Dans les écoles d’ingénieurs, le TOEIC n’est pas une certification de plus sur un CV : il conditionne souvent la délivrance du diplôme. L’exigence est pourtant presque toujours mal formulée. La Commission des titres d’ingénieur ne fixe aucun score TOEIC, elle demande un niveau B2 attesté par une certification extérieure à l’école. Voici ce que cela change concrètement, quel score viser selon votre établissement et votre projet, et comment préparer le test dans un emploi du temps de cycle ingénieur.
Pourquoi l’anglais conditionne le diplôme d’ingénieur
L’anglais est la langue de travail de l’ingénierie : documentation constructeur, normes internationales, spécifications, revues de projet, publications scientifiques, échanges avec des fournisseurs ou des filiales. Un ingénieur qui lit lentement un cahier des charges en anglais ou qui décroche pendant une réunion à distance perd en autonomie, quelle que soit sa maîtrise technique.

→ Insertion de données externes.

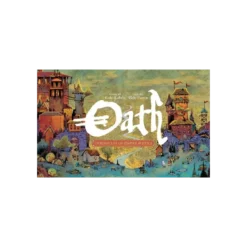 Oath : Chronicles of Empire and Exile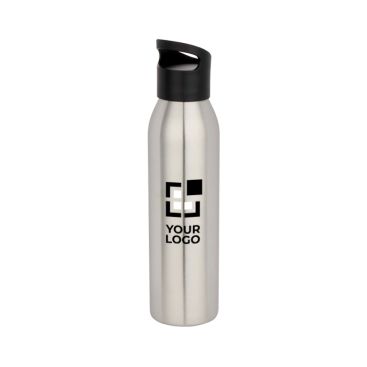 Borraccia in acciaio inox riciclato a parete singola 650ml
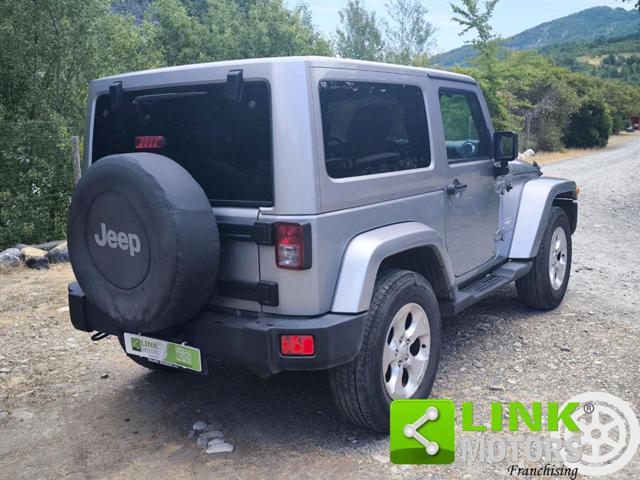 JEEP Wrangler usata, con Controllo trazione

C’est cette compétence transversale que les écoles cherchent à objectiver. Le TOEIC est développé par ETS (Educational Testing Service) et mesure la compréhension de l’anglais professionnel courant : e-mails, notes de service, annonces, articles, conversations de travail. Il n’évalue jamais votre spécialité technique, et c’est précisément ce qui déroute les profils scientifiques.
Ce que la CTI exige réellement
Le référentiel de la Commission des titres d’ingénieur pose trois conditions, et aucune ne mentionne un nombre de points : un niveau B2 minimum du CECRL, une attestation délivrée par un organisme extérieur à l’école, et un niveau C1 présenté comme l’objectif souhaitable pour un ingénieur amené à travailler à l’international. Une évaluation interne, aussi sérieuse soit-elle, ne remplace pas cette certification externe.
Le TOEIC Listening and Reading est le test le plus utilisé pour y répondre, mais il n’est pas imposé : d’autres certifications reconnues font l’affaire dès lors qu’elles attestent le niveau visé. C’est chaque école qui tranche, dans son règlement des études.
Deux précisions utiles. L’échelle du TOEIC Listening and Reading va de 10 à 990 points, répartis entre deux sections notées de 5 à 495. Et ce test plafonne au C1 : il ne peut en aucun cas attester un C2, contrairement à ce que promettent certains comparatifs.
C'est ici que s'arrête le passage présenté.